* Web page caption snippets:

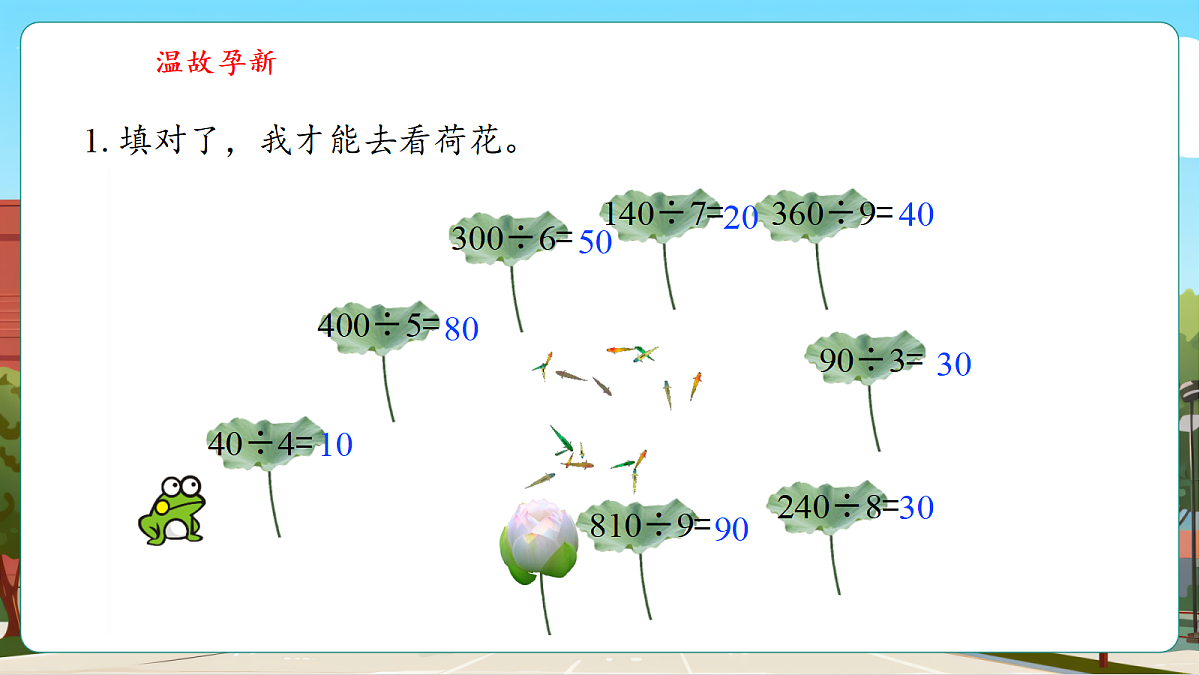 6.3《两位数除以一位数》(课件)第4页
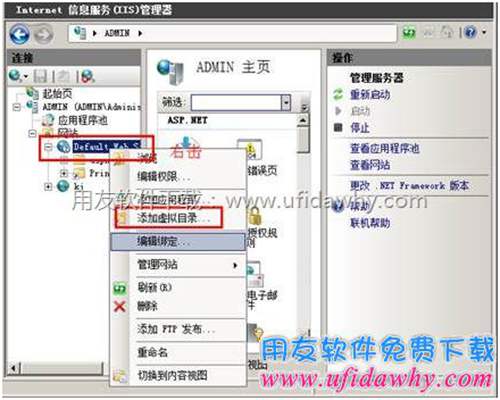 重新添加暢捷通T+的虛擬目錄圖示二 重新添加暢捷通T+的虛擬目錄圖示二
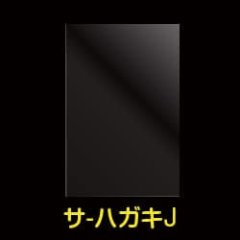 OPP袋テープなし ハガキ1枚ぴったり 標準#30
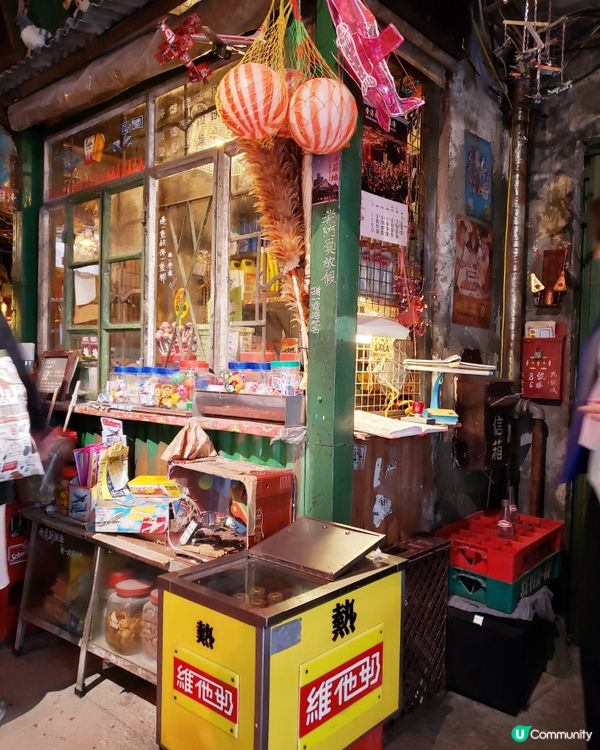 📸九龍城寨電影展館 108 展出！打卡💥士多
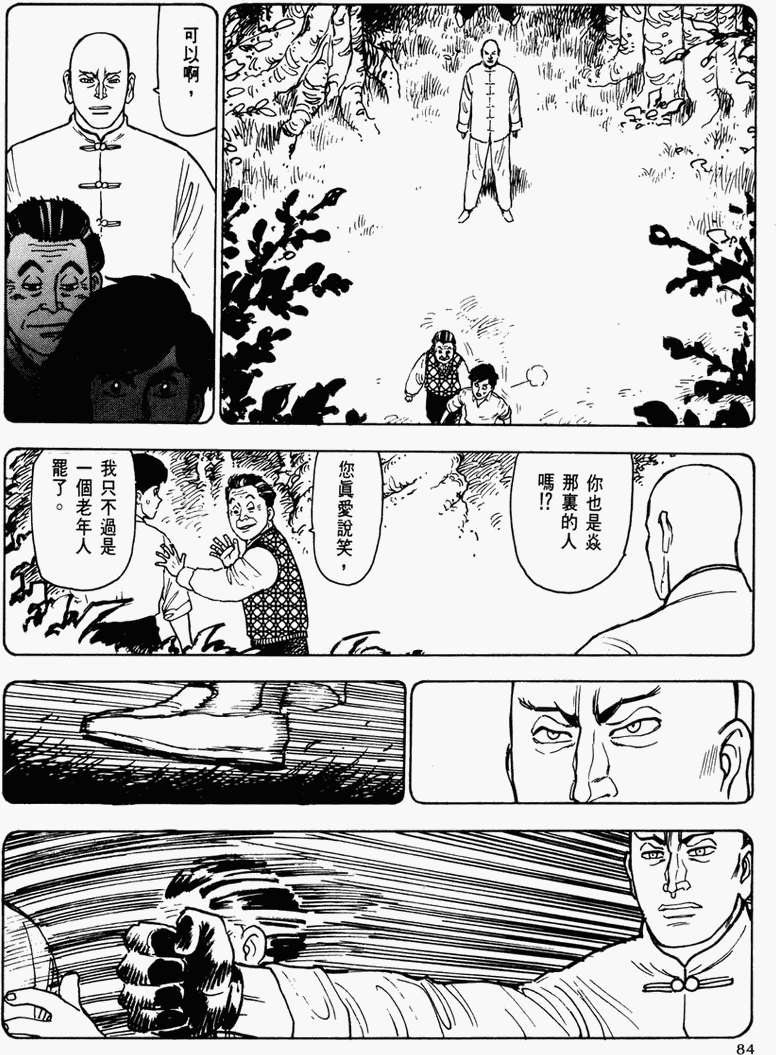 第78页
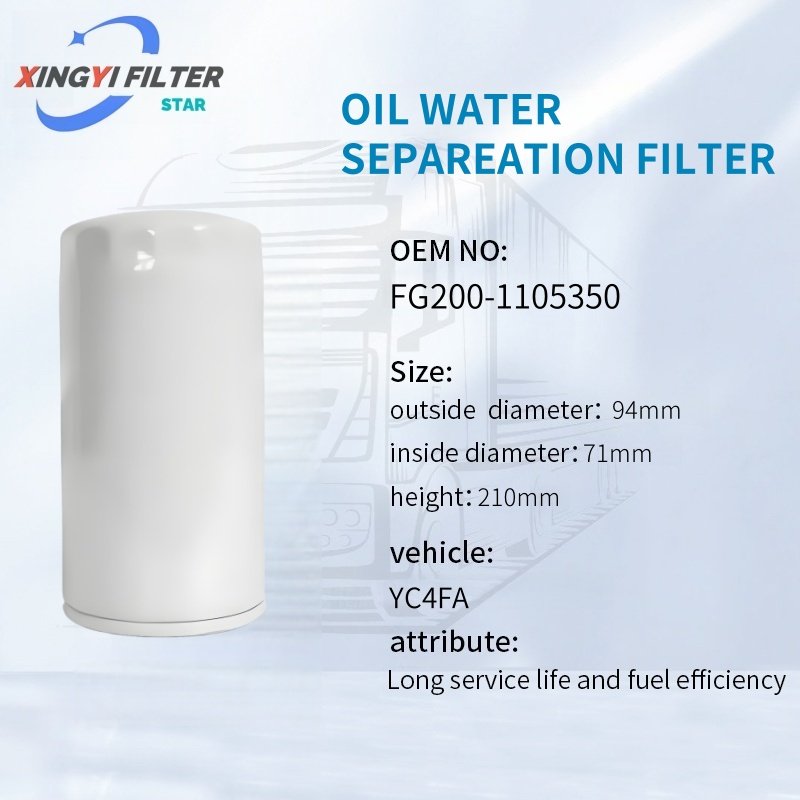 FG200-1105350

* PROBLEM DETAILS: Every record, word for word, should be given back without its pictures.

* WRITTEN ANSWER:
 6.3《两位数除以一位数》(课件)第4页
 重新添加暢捷通T+的虛擬目錄圖示二 重新添加暢捷通T+的虛擬目錄圖示二
 OPP袋テープなし ハガキ1枚ぴったり 標準#30
 📸九龍城寨電影展館 108 展出！打卡💥士多
 第78页
 FG200-1105350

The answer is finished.